“BEYOND CONTROLLING THE CLASS” ::: T.R.I.C.K. = TRUST, RESPECT, INDEPENDENCE, COLLABORATION and KINDNESS)
My collaborator Esther Wojcicki, a revered teacher at Palo Alto High School for 30+ years, has an acronym that she calls the “secret sauce” to her phenomenal success with her students. The acronym is T.R.I.C.K., standing for TRUST RESPECT, INDEPENDENCE, COLLABORATION, and KINDNESS.
Esther describes the five elements of the acronym in her book Moonshots in Education. Here is what she says about Trust. (Her words on Respect, Independence, Collaboration, Kindness are in a separate post.)
TRUST
“The first thing to establish in the classroom as a culture of trust.
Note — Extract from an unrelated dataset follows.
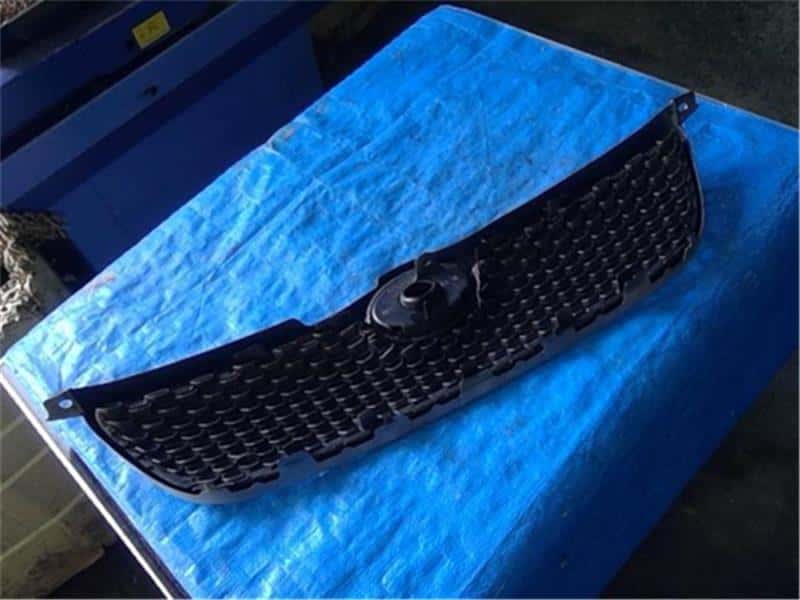 [Used]Radiator Grille TOYOTA Corolla Runx 2002 TA-NZE121 - BE FORWARD ...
That does not mean the students are free to do with they want; it means that they trust each other to help in the learning process, and the teacher press the students. Boundaries must be established early. Teachers can use various exercises and games to build trust.
Since the teacher is in control, he or she must take the initiative to create situations that require students to be trustworthy. Opportunities arise daily. For example, having students work in teams and be responsible for the team teachers trust. Creating a group blog or website gives students the natural way to develop trust in the team. If the teacher trusts the team, it builds a community of trust in the classroom.
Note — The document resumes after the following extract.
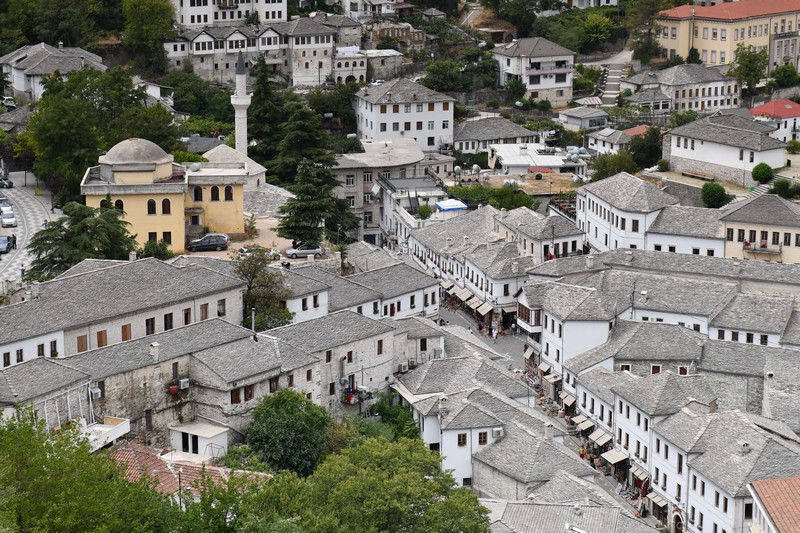 Gjirokastra_Miasto_muzeum_Zamek_biale_miasto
The key to building trust is to actually trust the students. Counterintuitive? No. It’s the only way to effectively build trust. In my advanced journalism class, each student has an individual story assignment, so no to students do the same thing. Some stories about issues in the school, the district, or the city are particularly sensitive. It takes a leap of faith to trust students to get the information right write and to write it up objectively. We publish the results online, typically garnering thousands of views, and in hardcopy for 3000 local residents. Students have told me that trusting them to write the stories is significant in building their self-esteem.
… Six editors in chief manage the class, giving the students critical leadership experience in the sense of control over the publication. … Each student in each class has a title matching his or her responsibilities – news editor, editorial page editor, feature page editor, and so on.
Besides having the students produce publications, I routinely let the students teach. For example, I designate one day a week on which the kids take over the class for an hour. Having kids teach each other regularly, in small groups, also creates trust of the class.
I encourage my students to help with the technology. I use Google docs to create documents and Adobe software to publish them. … I ask my students to seek potentially new useful new software, to learn how to use it, and to share it with the class.
Another way to enhance trust is to give students my home phone number, cell number, and email address and to tell them to contact me when they have problems, but not after a specified evening hour. Giving out that information creates a culture of trust and caring. All students also have the same contact data for all other students, including home phones, cell phones, and email addresses. …
Finally, perhaps most important, I put my students in situations requiring to think for themselves. They may stumble and have difficulties, but the key is to support them while letting them solve the problems themselves. This builds trust of themselves and the class as a whole, and between teacher and students.”